My lectures have over the years fallen under the very broad umbrella of social science – economics, finance, business, education, social class, ethnographic fieldtrips, and history, with always “connect” a guiding star.
The atmosphere at Hertford combines educational rigour with a broad sympathy of approaches to what works best with a wide diversity of students. As a lecturer I have been able to choose what it is that works best, always mindful of what each programme must include, set in an always congenial and convivial environment. Interactivity is at the heart of my Hertford teaching, always mindful that student voices are what matter most, individually and collectively, solo and choral.
Dr Megan Price
It is a pleasure to be a staff member of Hertford College International Programme and work with people from many nationalities. Hertford is a unique place to teach, situated as it is in the very heart of the historic University of Oxford and surrounded by its beautiful architecture.
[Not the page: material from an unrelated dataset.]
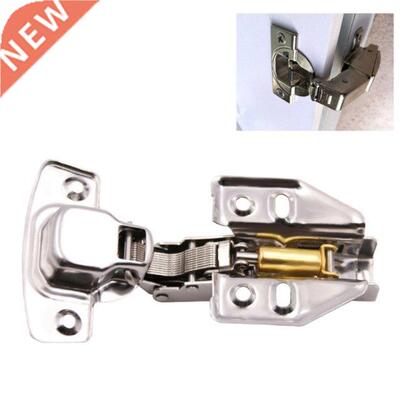 Rustless Iron Hydraulic Hinge Iron Core Damper Buffer Cabine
I have been a student and teacher in the University since 1997 and since 2000 have been a regular contributor to a variety of Hertford College programmes. My university research focused on world archaeology and social and cultural history-and I have a keen interest in exploring the many relationships between the past and the present. I enjoy the opportunity of sharing my experience and enthusiasm with a wide student audience both formally in class and informally during the day.
For class- based work I use my specifically prepared PowerPoint presentations and provide appropriate visual material for study and discussion. I lecture on the archaeology of Britain from prehistoric times to the present day, revealing, for example, the secrets of Stonehenge and also providing the students with the opportunity to handle some ancient artefacts.
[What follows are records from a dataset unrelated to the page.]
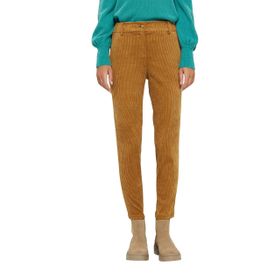 Esprit 230/Camel Kadın Pantolon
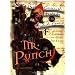 Mr. Punch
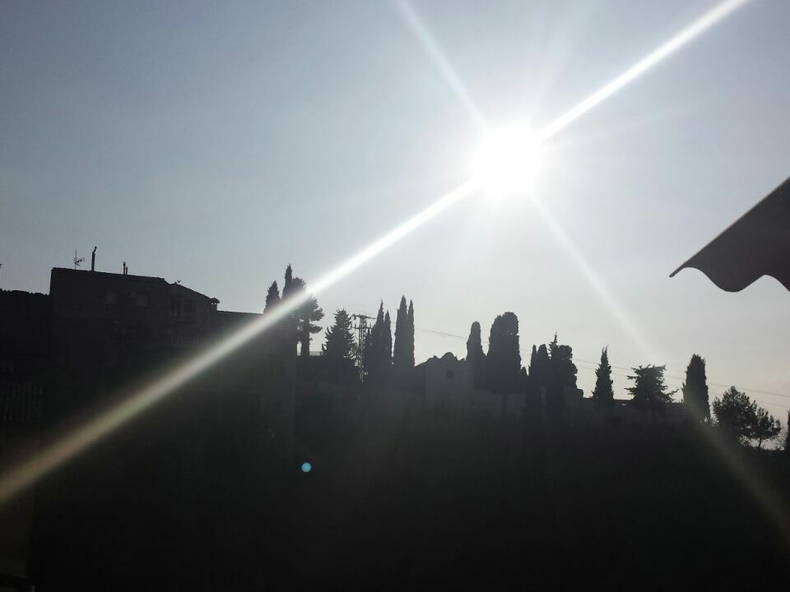 Cały Dom Tivissa 107222-1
My research into the history and traditions of Oxford University follows the growth of today’s academic disciplines that developed here in the nineteenth century. I consider their lasting inheritance and Oxford’s position today as a world-famous university. In class, my presentations explore the university year, the teaching methods, the curriculum and the variety of cultural and social activities available to the students. We try on Oxford academic dress and debate why this tradition is still valued.
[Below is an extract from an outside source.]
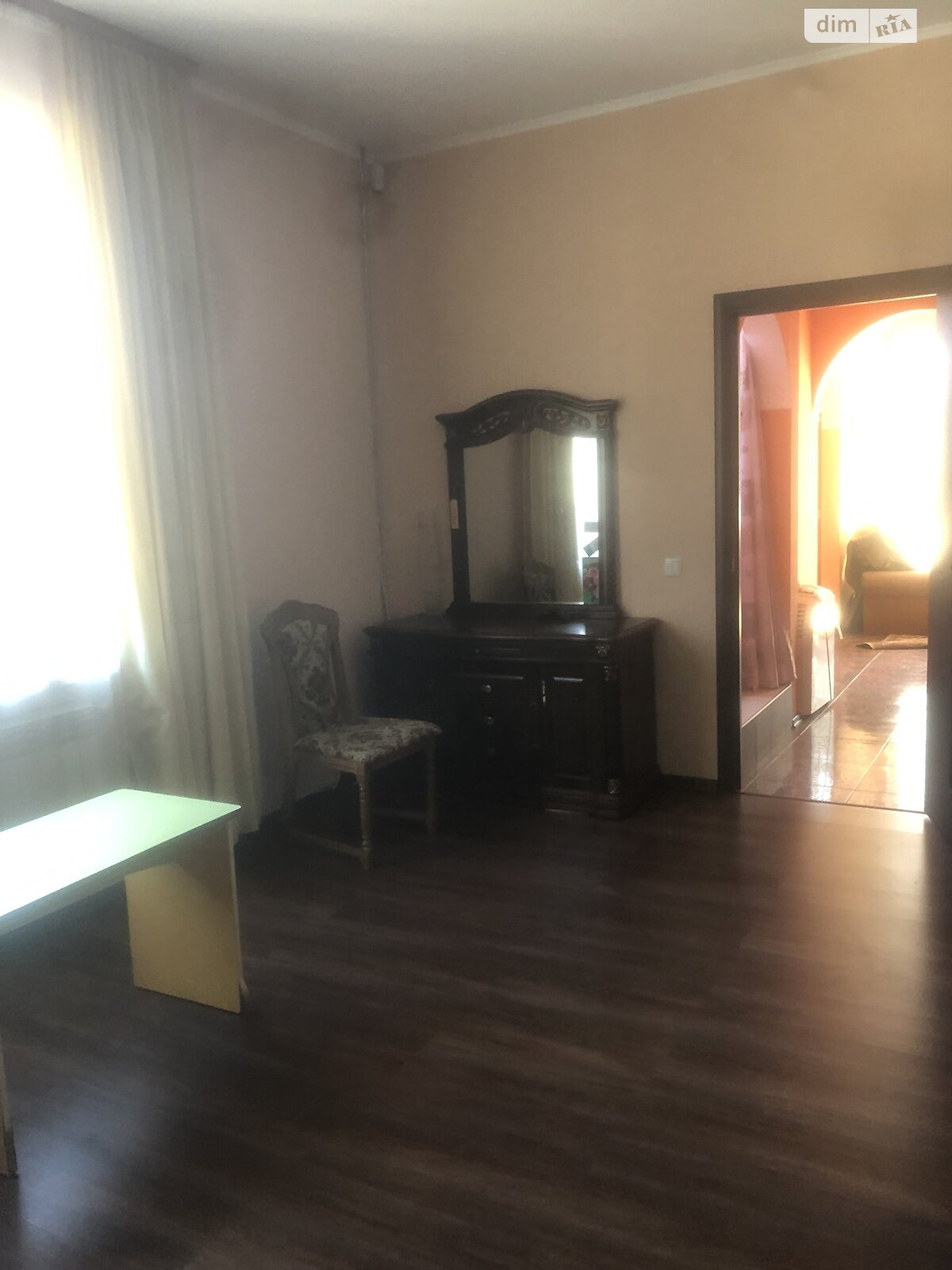 двухэтажный дом с гаражом, 254 кв. м, кирпич. Продажа в Чубинском фото 1 двухэтажный дом с гаражом, 254 кв. м, кирпич. Продажа в Чубинском фото 1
Oxford has three important museums that were founded in the nineteenth century, the Ashmolean Museum, the University Museum and the Pitt Rivers Museum. Each museum is very different and it is important to explore their cultural diversity by lectures and group visits. There is a wealth of culture to experience in Oxford and it is a privilege to share it.
I teach John Donne’s poetry, Shakespeare, and also arrange a literary walk around Oxford. As a relief from the student’s academic work, I run 1-day filmmaking workshops helping the group create impressive music videos just with their iPhones.
I find the visiting students from China and Hong Kong really rewarding to teach. They are always attentive, highly motivated, and hard working. They always respond positively to constructive feedback and enjoy the collaborative work required during the filmmaking sessions.
I’ve been teaching on the Summer School Programme for about 6 years, and visiting students at Hertford (Shakespeare, Renaissance Drama, Modern British Drama, and Creative Writing) since 2002.